Pero no puede ser otro
que Santo Tomás de Aquino quien dé una explicación aún más detallada y precisa
de cómo funciona este Sacramento: “Quien asimila el manjar corporal, lo
transforma en sí; esa transformación repara las pérdidas del organismo y le da
el desarrollo conveniente. No así en el
alimento eucarístico, que, en vez de transformarse en el que lo toma,
transforma en Sí al que lo recibe.
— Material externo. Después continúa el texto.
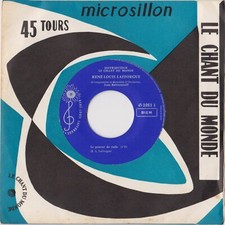 RENE-LOUIS LAFFORGUE LE POSEUR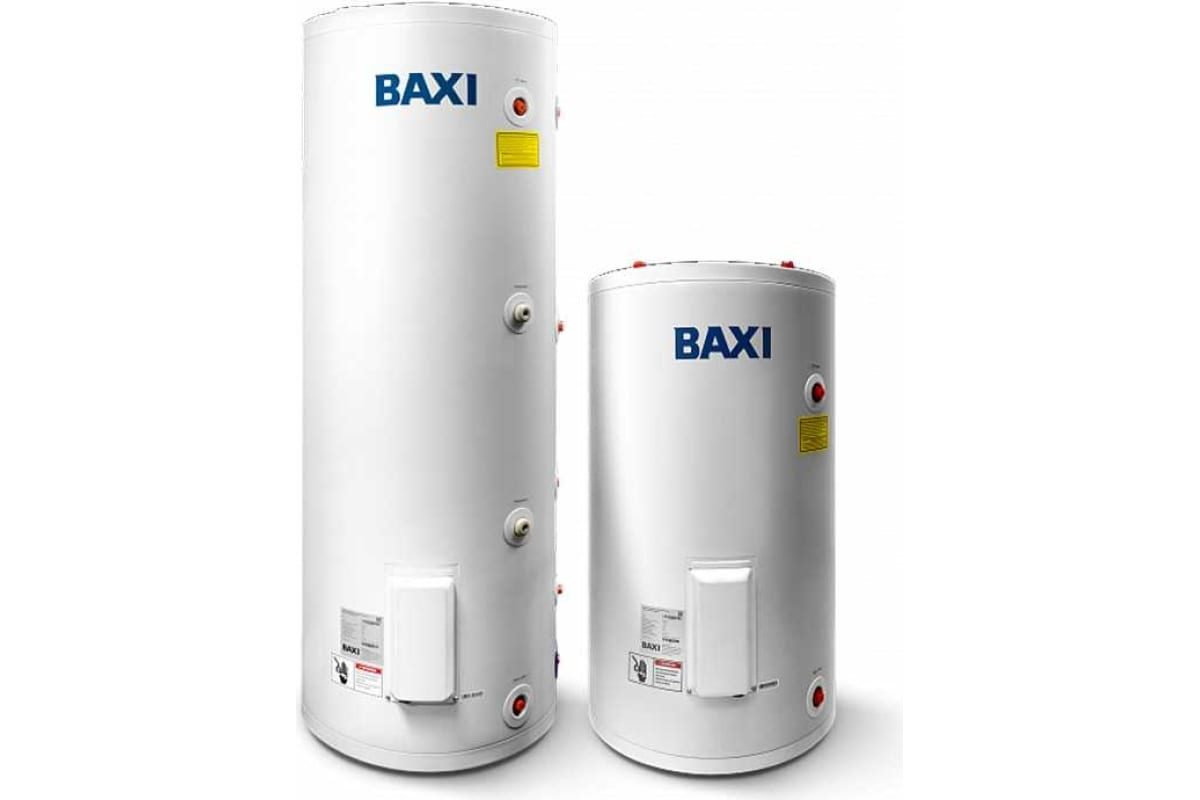 Накопительный электр. водонагрев. Baxi CNEWT300D01
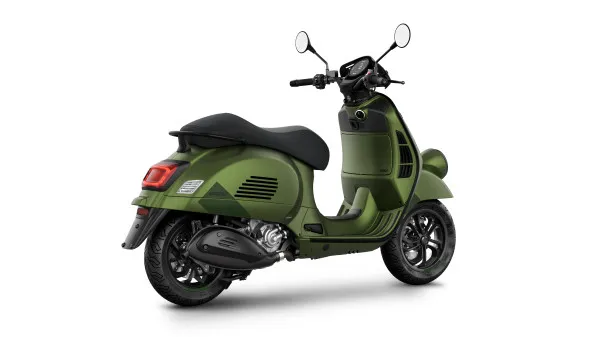 Vespa GTV 310 FL26 E5+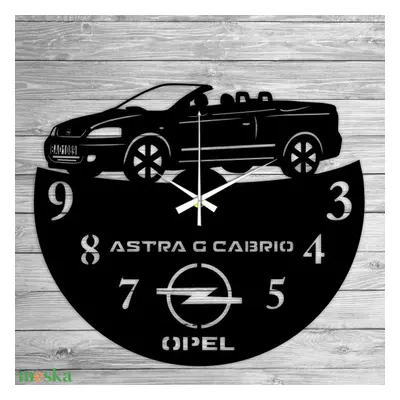 ASTRA CABRIO bakelit falióra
De
ahí que el efecto propio de ese Sacramento sea transformar de tal modo al
hombre en Cristo, que pueda con toda verdad decir: ‘Vivo yo, mas no yo, sino
que vive Cristo en mí’ (Gal. 2, 20)”
Esto quiere decir que
cuando Cristo viene a nosotros en la Comunión –y lo recibimos con las
disposiciones convenientes- vamos cambiando, pareciéndonos cada vez más a
Cristo. Así, nuestra manera de pensar,
de sentir, de actuar se va asemejando cada vez más a la de Cristo.
Si no sucede así, no hay
“comunión”. Recibimos a Cristo con
nuestra boca. Pero eso no basta, pues
tenemos que unirnos a El en el pensamiento, en el sentir, en la voluntad, con nuestro
cuerpo, con nuestra alma (entendimiento y voluntad) y con nuestro corazón.
Así, nuestra vida humana
podrá participar de su vida divina, de manera que sea El y no nuestro “yo” el
principio que guíe nuestra existencia y nos conduzca por la travesía que nos
lleva a la Vida Eterna.
“El Cuerpo y la Sangre de
nuestro Señor Jesucristo guarde nuestras almas para la Vida Eterna”, dice el
Sacerdote antes de tomar el Pan y el Vino consagrados y de repartirlo a los
comulgantes.
Bien claro pone esto la
Liturgia de la Iglesia en la oración después de la Comunión el Domingo 24 del
Tiempo Ordinario:
“La gracia de esta
comunión, Señor, penetre en nuestro cuerpo y en nuestro espíritu, para que sea
su fuerza, no nuestro sentimiento, quien mueva nuestra vida”.
Sólo así podrá ser Cristo
Quien viva en nosotros y no nosotros mismos, según la expresión de San Pablo a
los Gálatas (cf. Gal. 2, 20).
Así, la presencia divina
de Jesús, recibido en la Comunión Eucarística puede impregnar nuestro ser tan
íntimamente, que podemos llegar a ser cada vez más semejantes a Cristo.